> Hi,
> there's a DocBook XML file which I want to modify. The file contains
[quoted text clipped - 42 lines]
>
> Tom
Have you tried a pattern of "(<mediaobject)(.*)(</mediaobject>)". You
can then use a replacement along the lines of "<!-- PathToImage
-->$1$2$3". I'd also use Pattern.MULTILINE | Pattern.DOTALL when
building the pattern.
Hope that helps.
Pan
======================================================================
TechBookReport Java http://www.techbookreport.com/JavaIndex.html
bauer@b3s.de - 24 May 2005 17:22 GMT
> Have you tried a pattern of "(<mediaobject)(.*)(</mediaobject>)". You
> can then use a replacement along the lines of "<!-- PathToImage
> -->$1$2$3". I'd also use Pattern.MULTILINE | Pattern.DOTALL when
> building the pattern.
>
> Hope that helps.
Not really ... this results in the same problem I already described.
Instead of substituting \1\2\3 with the matching groups I get only this
special char (looks like a square, cannot displayed here).

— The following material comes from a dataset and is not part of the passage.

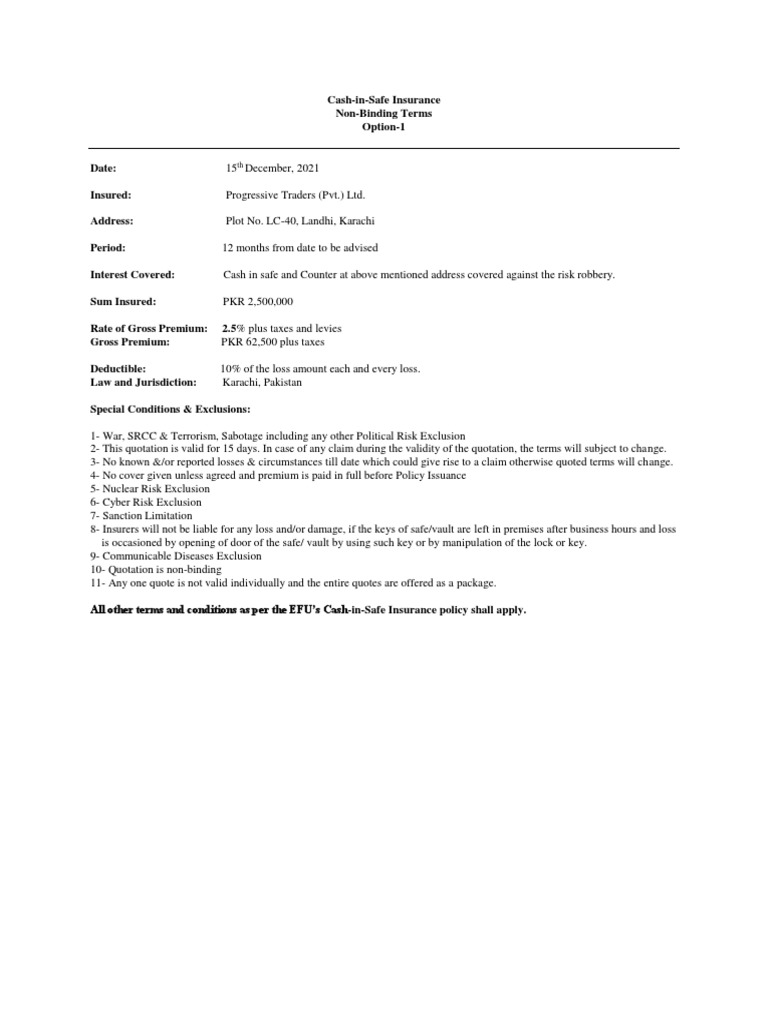 Cash-in-Safe Insurance Quotation Details | PDF | Insurance | Deductible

Btw I even
noticed that you used $1$2$3. This is perl, right? In Java it would be
\1\2\3 or am I wrong?
You can try it yourself. Save the following content to a file:
<chapter>
<title>Chapter 1</title>
<sect1>
<title>Section 1</title>
<para>
Test Test Test Test Test Test Test Test Test
</para>
<mediaobject>
<imageobject>
<imagedata fileref="image.svg" format="SVG"/>
</imageobject>
</mediaobject>
<para>
Test Test Test Test Test Test Test Test Test
</para>
</sect1>
</chapter>
Read this file with
public String readPlain( File file ) throws Exception
{
String content = new String();
String line = new String();
BufferedReader brd = new BufferedReader( new FileReader( file ) );
while ( ( line = brd.readLine() ) != null )
content += line + "\r\n";
brd.close();
return content;
}
and then apply a
content = Pattern.compile( "(<mediaobject)(.*)(</mediaobject>)",
Pattern.MULTILINE|Pattern.DOTALL).matcher(
content).replaceAll("<!-- Test -->\1\2\3");
_
Tom
bauer@b3s.de - 24 May 2005 17:28 GMT
Damn Java regex !!! It is $1$2$3. That was the point. I used the wrong
syntax for backrefs. But in Java API 1.4.2 under
java.util.regex.Pattern stands
Back references
\n Whatever the nth capturing group matched
So what ... ?!?
TechBookReport - 24 May 2005 17:43 GMT
> Damn Java regex !!! It is $1$2$3. That was the point. I used the wrong
> syntax for backrefs. But in Java API 1.4.2 under
[quoted text clipped - 4 lines]
>
> So what ... ?!?
Did you escape the backslashes? Also, the funny square character is
probably the \r\n you are using. Try
System.getProperty("line.separator") instead.
Pan
======================================================================
TechBookReport Java http://www.techbookreport.com/JavaIndex.html
bauer@b3s.de - 24 May 2005 18:08 GMT
TechBookReport schrieb:
> > Damn Java regex !!! It is $1$2$3. That was the point. I used the wrong
> > syntax for backrefs. But in Java API 1.4.2 under
[quoted text clipped - 8 lines]
> probably the \r\n you are using. Try
> System.getProperty("line.separator") instead.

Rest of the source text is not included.